Creo conocer un poco el trabajo de Javier, su manera de proceder a la hora de organizar los elementos o componentes de su trabajo: por un lado los estrictamente literarios; por otro, los formales y estéticos, y, por último, digamos, los elementos connotados, es decir sugeridos o insinuados tanto desde el nivel textual como plástico. Tengan ustedes en cuenta que en la obra de Javier nada está fiado al azar -y si no, observen esa casi imperceptible línea que enmarca la ilustración a sangre de la portada de autor, que equivaldría al marco que encierra todas las demás ilustraciones-; esto, para un editor que se precie de tal, es dramático, pues cuando uno, convencido de su criterio y buen juicio editorial, le sugiere un leve cambio en el discurso narrativo o en el plano de las ilustraciones, Javier pondrá sobre la mesa unas cuantas razones de por qué aquello es de aquella manera y no de otra. Quiero decir que Javier cuando crea un libro del que es autor del texto y de las ilustraciones, construye un universo global, en el que cada uno de los componentes forma parte de un puzzle en el que todas las piezas encajan, sólo valen para un lugar -es decir no son intercambiables- y tienen su significado determinado. Esto, evidentemente, es fascinante, pero puede suponer, un infierno para un editor que no se haga cómplice del creador en su proceso de trabajo y que éste, al final -al trabajo me refiero-, se desbarate como esos castillos de naipes que se desmoronan por falta de equilibrio entre las cartas que lo construyen o falta de paciencia por parte de su arquitecto. Ninguna de estas dos situaciones se ha producido con Los tres erizos. Todo lo contrario.

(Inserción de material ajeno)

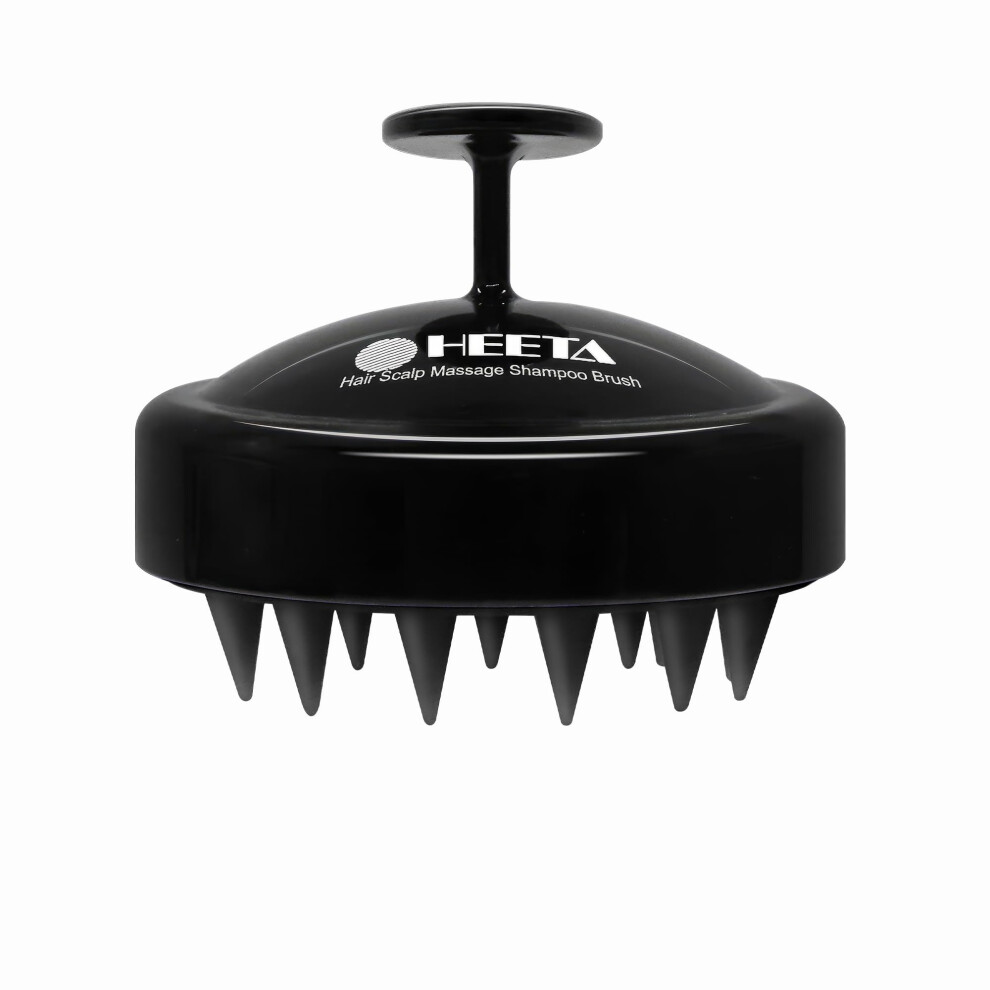Heeta Scalp Massager Hair Growth, Scalp Scrubber With Soft Silicone Bristles For Hair Growth & Dandruff Removal, Hair Shampoo Brush For Scalp Exfolia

Cuando uno entra en este libro, del que, dicho sea de paso, cuesta trabajo salir, tiene, durante todo el tiempo que dura la representación, la sensación de estar asistiendo a un espectáculo que se ha construido para él, sólo para él. Que todo lo que sucede, sucede de manera inevitable, como si un orden ineludiblemente lógico hubiera organizado y estructurado la secuencia narrativa y la planificación de las imágenes a través de las cuales se nos cuenta la peripecia de estos tres sugerentes personajes. Asistimos perplejos a una escenificación teatralizada, pero sobre todo privada, íntima, contada en voz baja -como se dicen las cosas importantes-, transcurrida en un tiempo que no es el que se muestra -no olvidemos que se trata de una pantomima- sino el tiempo de su escenificación.

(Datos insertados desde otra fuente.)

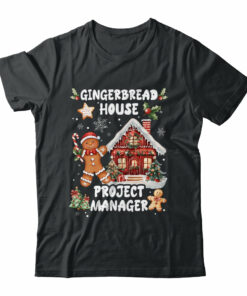 Gingerbread House Project Manager Cookie Baking Christmas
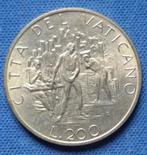 Vaticaanstad 200 lire 1989 Km 217, Verzenden, Overige landen, Losse munt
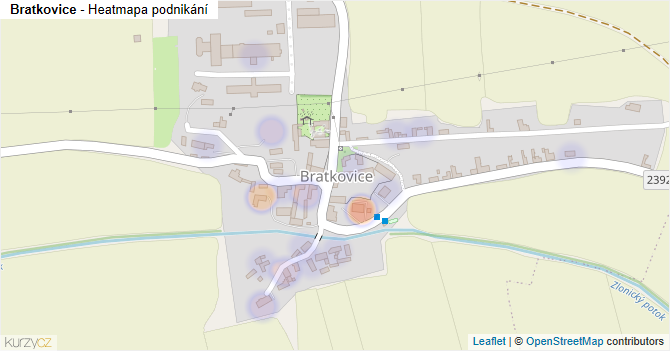 Bratkovice - mapa podnikání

Nada más abrir el libro, igual que Magritte debajo de su dibujo de una pipa nos advertía “esto no es una pipa”, Javier nos indica que el cuento no es sólo un cuento, y propone ya un primer distanciamiento: bajo el título Los tres erizos se nos advierte de ello; por si hubiera alguna duda, tal que si hubiéramos entrado en un teatro y nos hubieran entregado un programa de mano, en la siguiente página se nos presenta a los personajes y el telón anuncia ya el primer acto de la pantomima.

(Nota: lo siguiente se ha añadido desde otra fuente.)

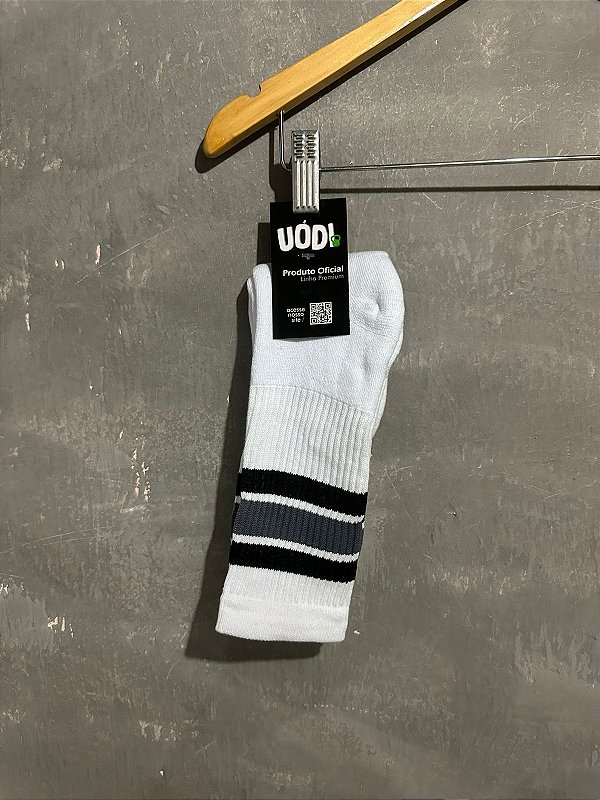 Meia Cano Longo - Listra Cinza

El escenario es un jardín que parece haber sido pintado por Carmen Lafont, pero con la luz íntima de los patios de Isabel Quintanilla. Los personajes comienzan su representación, es otoño. En un momento de tensión, el texto nos emplaza a otra estación del año, la primavera: segundo acto. La acción se precipita hasta el feliz desenlace.

Al dramaturgo le ha parecido oportuno introducir un elemento final que refuerce la construcción teatral de la historia: el colofón. Verdadero plano topográfico de los fragmentos de escenario que el ilustrador nos fue ofreciendo a lo largo de la historia. Se cierra el telón: A cada uno lo suyo. Y a Javier, la enhorabuena.

Decía al principio que Los tres erizos es un libro excelente, no sé si les he persuadido de ello; de lo que no tengo ninguna duda es de que es un libro verdadero que, desde mi punto de vista, es lo mejor que se puede decir de una obra creada por el hombre.